====== RECORDS FOR THIS EXERCISE ======

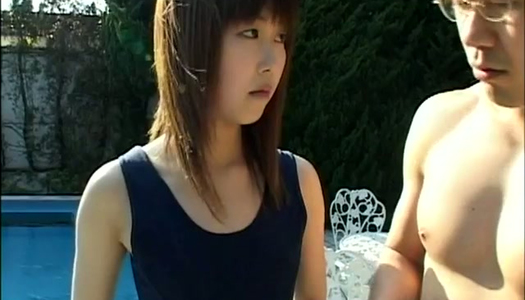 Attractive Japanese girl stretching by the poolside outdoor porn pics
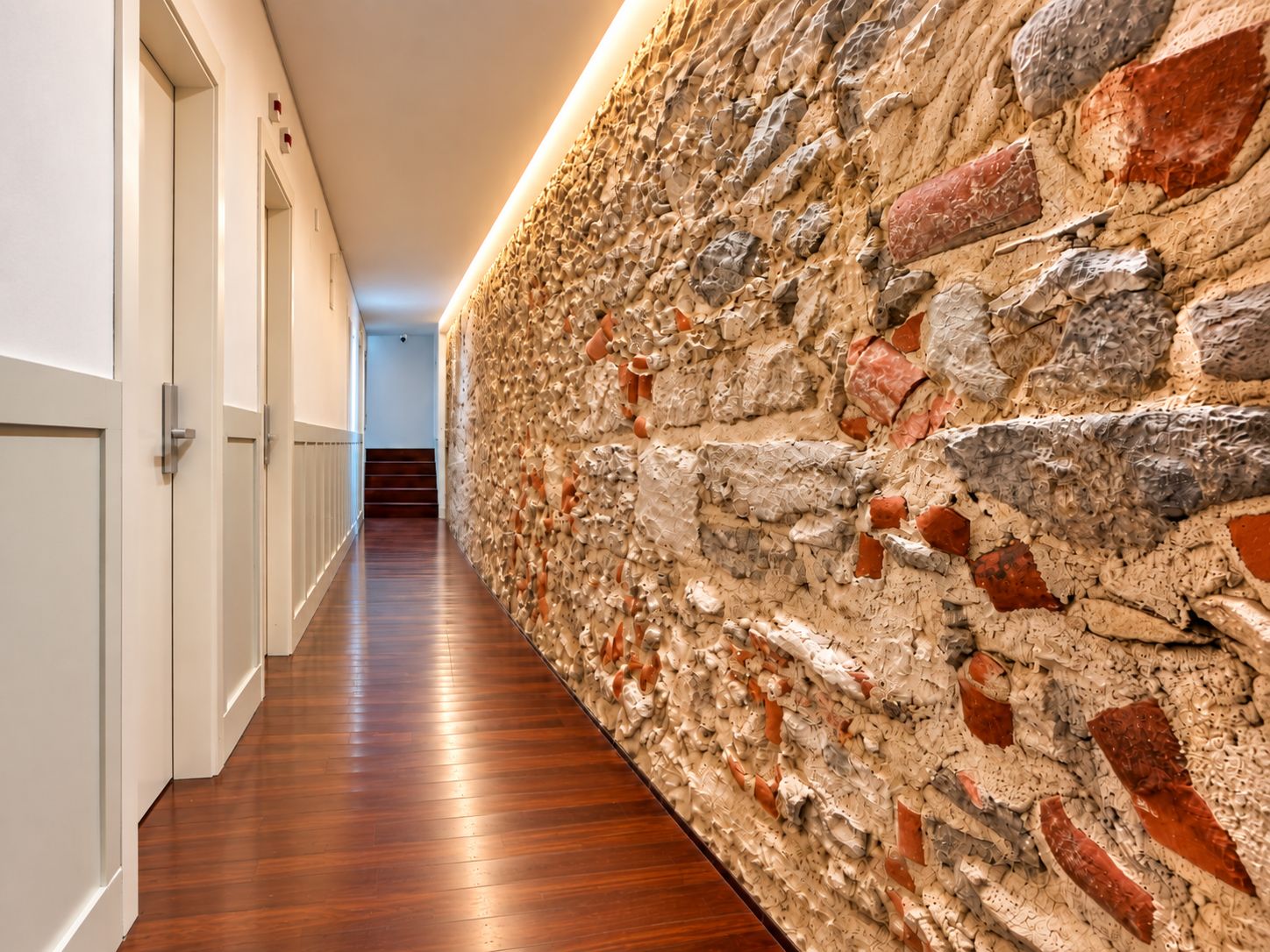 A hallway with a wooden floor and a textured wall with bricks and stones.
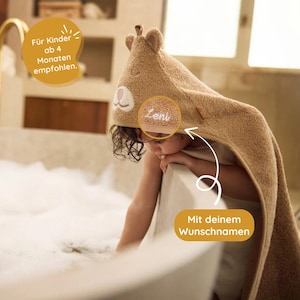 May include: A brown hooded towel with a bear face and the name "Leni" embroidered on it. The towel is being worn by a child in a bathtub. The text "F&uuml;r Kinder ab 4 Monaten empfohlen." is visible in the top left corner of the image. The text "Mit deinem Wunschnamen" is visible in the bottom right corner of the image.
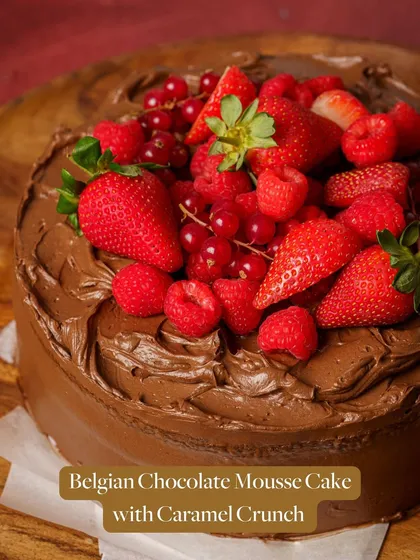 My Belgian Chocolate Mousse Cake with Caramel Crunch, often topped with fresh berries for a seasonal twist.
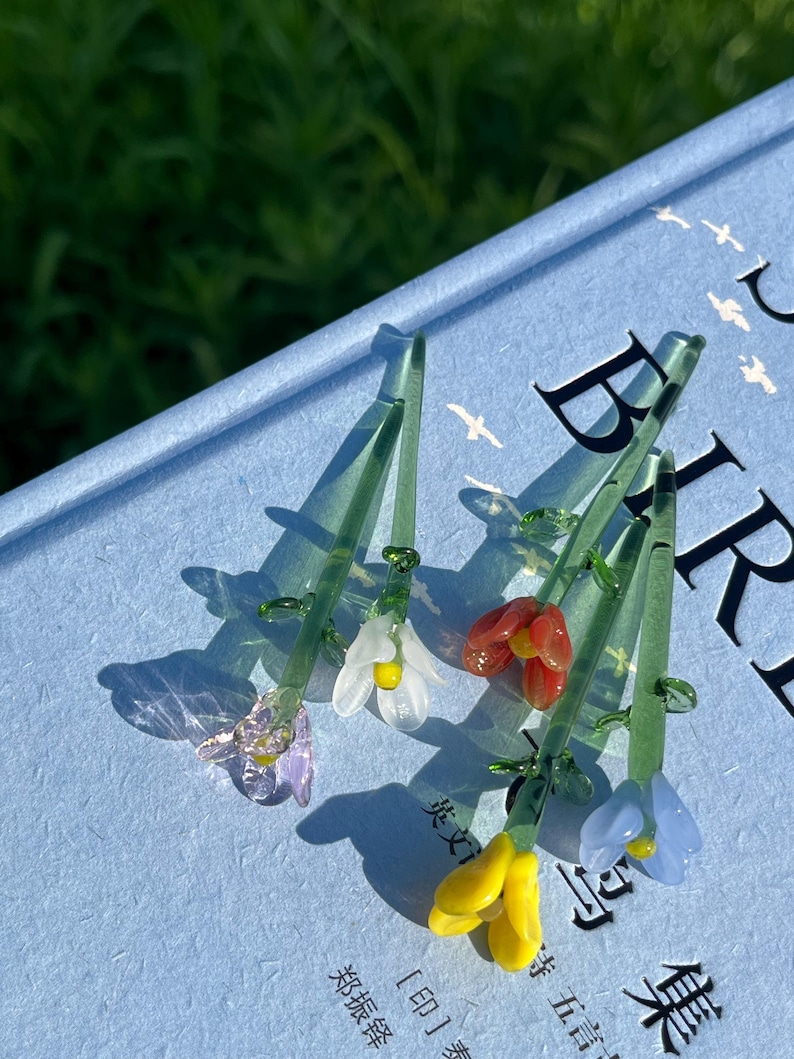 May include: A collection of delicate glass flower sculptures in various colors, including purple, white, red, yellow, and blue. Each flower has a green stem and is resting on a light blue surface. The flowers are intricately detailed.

======

_EXERCISE DETAILS:_ In your copy of the material, match every word exactly and include no pictures.

_OUTPUT FOR THIS EXERCISE:_
 Attractive Japanese girl stretching by the poolside outdoor porn pics
 A hallway with a wooden floor and a textured wall with bricks and stones.
 May include: A brown hooded towel with a bear face and the name "Leni" embroidered on it. The towel is being worn by a child in a bathtub. The text "F&uuml;r Kinder ab 4 Monaten empfohlen." is visible in the top left corner of the image. The text "Mit deinem Wunschnamen" is visible in the bottom right corner of the image.
 My Belgian Chocolate Mousse Cake with Caramel Crunch, often topped with fresh berries for a seasonal twist.
 May include: A collection of delicate glass flower sculptures in various colors, including purple, white, red, yellow, and blue. Each flower has a green stem and is resting on a light blue surface. The flowers are intricately detailed.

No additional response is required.